Weekend Update #14
This week's Stop Writing The Hard Way award nominee: Kurt Vonnegut. The entire literary blogosphere has linked to the NYT obit, so I'll link to Yankee Pot Roast.
Bill Cronin of the wonderfully named Comics Should Be Good discusses a pervasive problem in comics and in genre fiction in general, which he unfortunately names "Women in Refrigerators", referencing an anecdote even he will eventually forget. H.W. Fowler, had he discussed the practice of slaughtering female characters merely to provide provocation for a male character, might have coined "The Fairer Sacrifice" instead.
Nathan Bransford wraps his advice in an analogy that is guaranteed to send every single writer into paralytic despair.
Nathan also expresses reservations about the tortured language in many fantasy novels ("What will thou doest with all thy junk, all thy junk inside thy trunk"). He is, of course, too shy to suggest that the authors might actually talk like that, or to observe that this is all Shakespeare's fault.
And in a big week, Nathan asks whether you think it's valuable to spend months or years studying under the tutelage of a writer who usually isn't all that more successful than you, to develop skills that no-one in the room possesses, to pursue a career that almost certainly won't earn back the cost of the course.
Fiction Scribe hates your poetry.
A fascinating new chapter in the battle over Clive Cussler's Sahara (covered earlier), and a great read if, like me, you enjoy the phrase "bad writing" being spoken (repeatedly) under oath in civil court. "It is flawed in every way writing can be flawed." Marvellous.

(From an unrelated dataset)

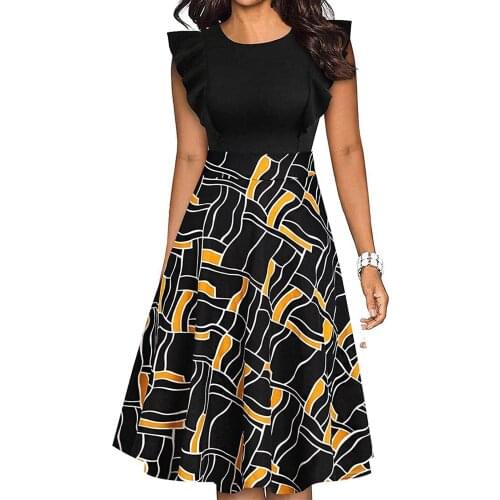 Womens Vintage Ruffle Sleeves Floral Print Flared A Line Swing Casual Dresses Summer Retro Sun Dresses Casual Swing Dress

Bella Stander points to and comments on a GalleyCat story about an author who hired a publicist to to create buzz for his bridge-burning, iUniverse-shipping BigPub-hating memoir antics, proving the adage that no-one can screw you while you're busy screwing yourself.
Stander also discusses one of the many ways life as a freelance writer sucks.
Keith DeCandido explains why your fanfic is no match for his profic (via Lee Goldberg).
Somebody want to tell me what the fsck "urban fantasy" is? No, don't, I've lived this long without knowing.
Victoria Strauss points out that copyright only matters if someone thinks your work is worth copying.
John Scalzi explains why tax time sucks even harder when you're a fulltime writer.
Slush Pile Diva says she is "constantly amazed how many letters I get from authors who have crafted novel length projects, but can't manage to define the genre their project fits into." You'd think the amazement would wear off after a while.
The Rejecter discusses how to get into publishing -- by working.
Lee Goldberg discovers that fanfiction writers really are worried about plagiarism and copyright abuse.
Stop Writing if You Need This Advice award nominees, Miss Snark Only edition:
- Miss Snark says if you copy elements of a published novel, don't fsckin' submit. If by some miracle you're talented enough to hide the plagiarised elements in enough original writing to get it published, you'll have the rare pleasure of watching your publisher disown the book and sue for the advance while Gawker blogs a side-by-side comparison of the work you plagiarised.
- Things not to say to an agent at a conference, #10: Validate me! #11: If I have sex with you ...
- Don't ask "Did you get my email?". If you're worried, hand deliver your submission. Agents love that.
- Oh, and get the fsck over yourself, if you think that fiction that "breaks all the rules" doesn't ever get published. It's time to set that albatross free. If it comes back, you're still going to be a shit writer, but at least you'll have a pet albatross. Vonnegut never had an albatross, and look at him now.